SUPPLIED MATERIAL ::
-- Opening Marker --
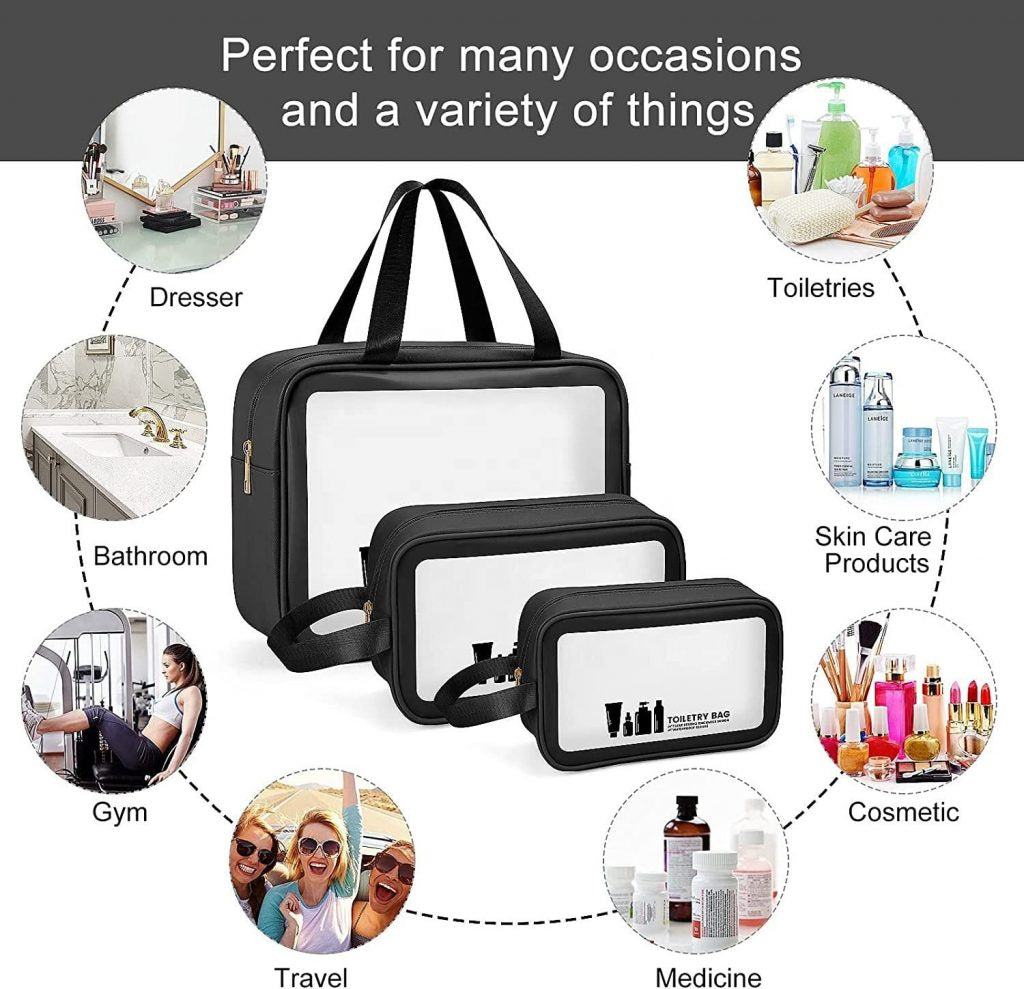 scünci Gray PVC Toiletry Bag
-- Closing Marker --
-- Opening Marker --
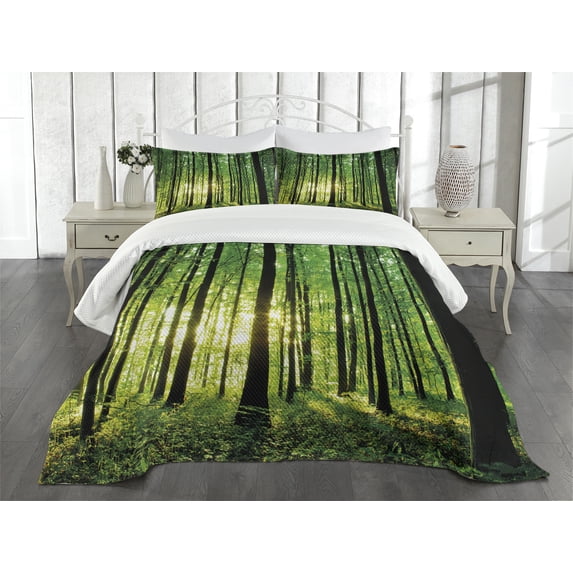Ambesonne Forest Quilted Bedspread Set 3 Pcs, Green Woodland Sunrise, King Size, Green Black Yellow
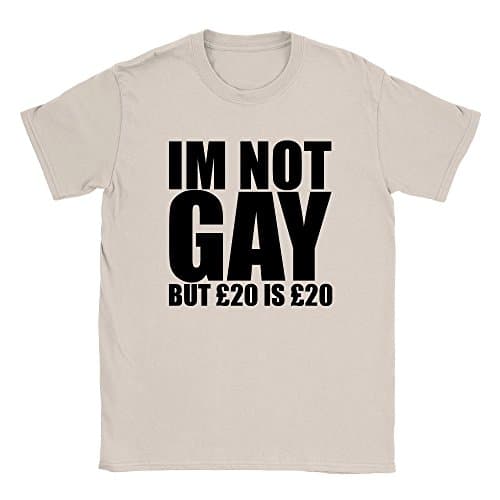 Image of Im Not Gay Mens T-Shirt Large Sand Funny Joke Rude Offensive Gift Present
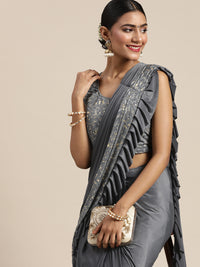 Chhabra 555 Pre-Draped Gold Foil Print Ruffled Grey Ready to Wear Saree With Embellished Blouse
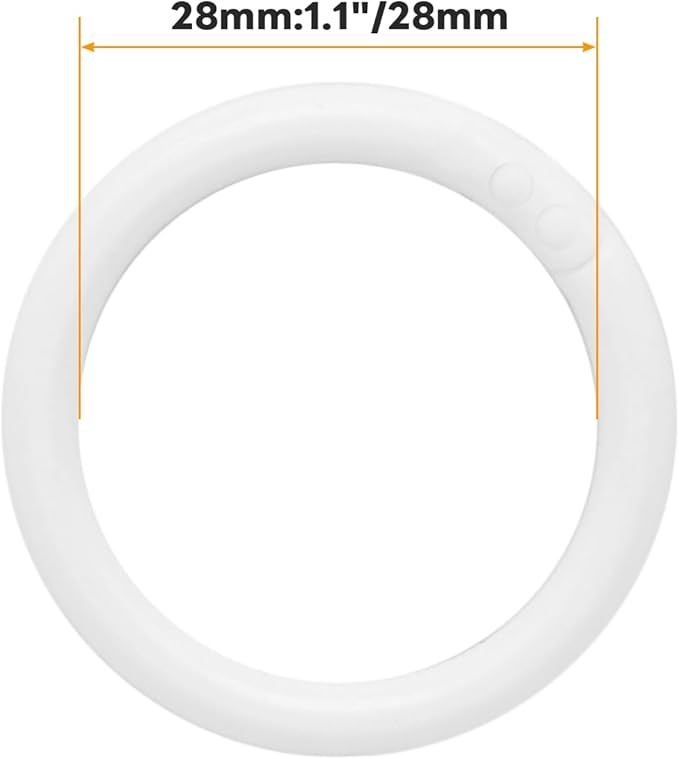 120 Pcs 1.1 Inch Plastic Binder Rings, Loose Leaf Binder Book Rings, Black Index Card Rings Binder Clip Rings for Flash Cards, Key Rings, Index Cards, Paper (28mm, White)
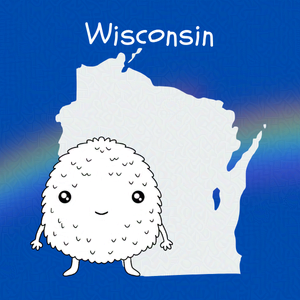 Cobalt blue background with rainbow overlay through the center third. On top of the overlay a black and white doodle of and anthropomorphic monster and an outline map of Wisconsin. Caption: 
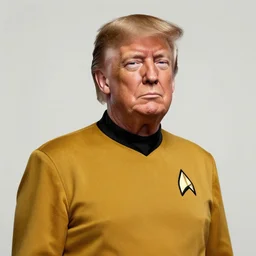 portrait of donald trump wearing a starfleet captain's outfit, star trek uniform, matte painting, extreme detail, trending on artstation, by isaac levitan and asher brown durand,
-- Closing Marker --
EXERCISE PROMPT :: Your reply should hold nothing but the lines above, from the one containing "Cobalt blue background" to the one containing "portrait of donald", reproduced exactly minus the pictures.

RESULT BELOW ::
 Cobalt blue background with rainbow overlay through the center third. On top of the overlay a black and white doodle of and anthropomorphic monster and an outline map of Wisconsin. Caption: 
 portrait of donald trump wearing a starfleet captain's outfit, star trek uniform, matte painting, extreme detail, trending on artstation, by isaac levitan and asher brown durand,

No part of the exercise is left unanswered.